>>>>

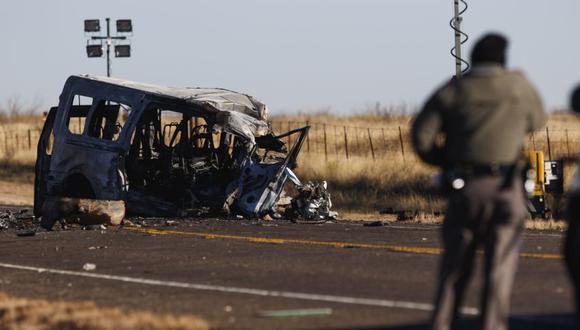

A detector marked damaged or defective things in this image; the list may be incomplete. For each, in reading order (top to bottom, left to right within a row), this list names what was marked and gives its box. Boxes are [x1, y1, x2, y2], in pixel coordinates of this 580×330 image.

destroyed vehicle [34, 73, 326, 226]
charred metal [34, 75, 336, 228]
burned van [35, 75, 336, 228]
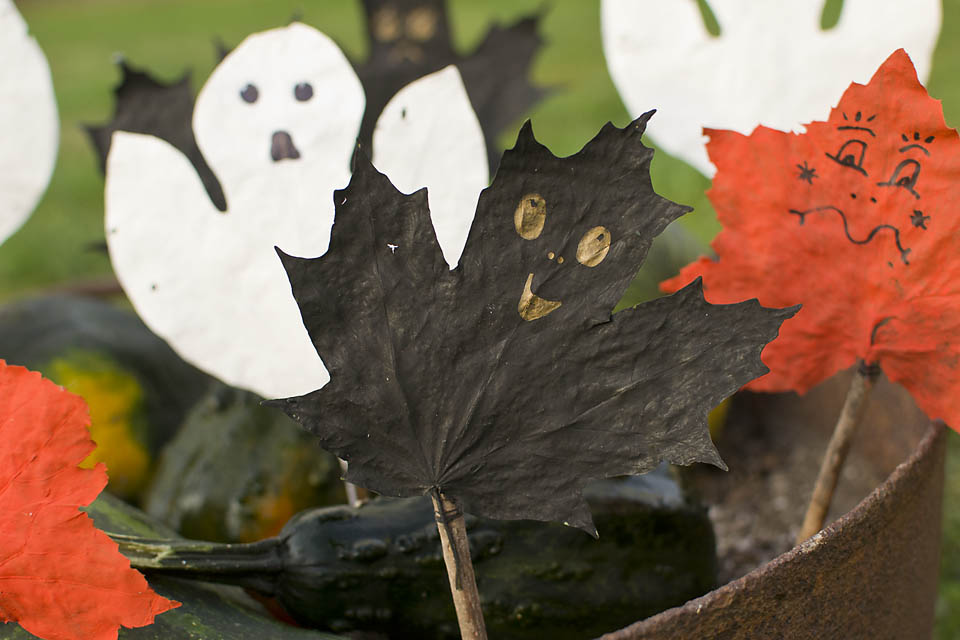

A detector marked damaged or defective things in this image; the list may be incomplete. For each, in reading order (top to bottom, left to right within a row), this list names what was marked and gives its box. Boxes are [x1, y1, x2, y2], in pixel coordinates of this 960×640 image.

rusty metal bucket [600, 370, 944, 640]
rusted metal rim [596, 420, 948, 640]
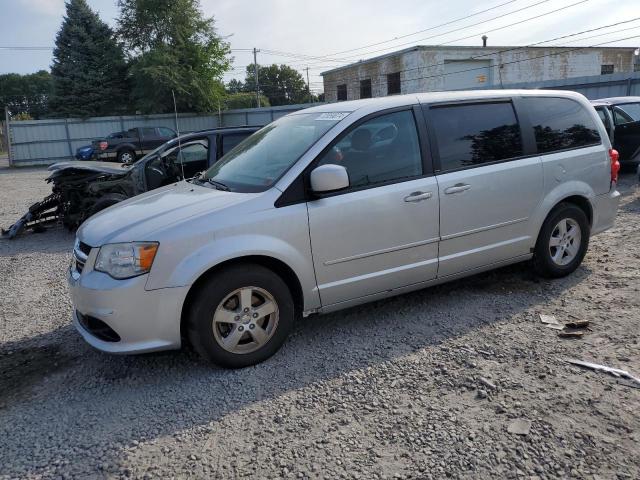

<<<<

*What to produce:* Leave the pictures out and retype only the lines from the line with "this 960×640 image." through the final line of the material, both ends included, word for word.

*Response to this exercise:*
A detector marked damaged or defective things in this image; the list may be incomplete. For each, in reading order (top to bottom, left to right within a row), this list names what was marked and gives its box. Boxes are [x1, y1, x2, y2], in pixel coordinates of this 960×640 image.

rusty metal bucket [600, 370, 944, 640]
rusted metal rim [596, 420, 948, 640]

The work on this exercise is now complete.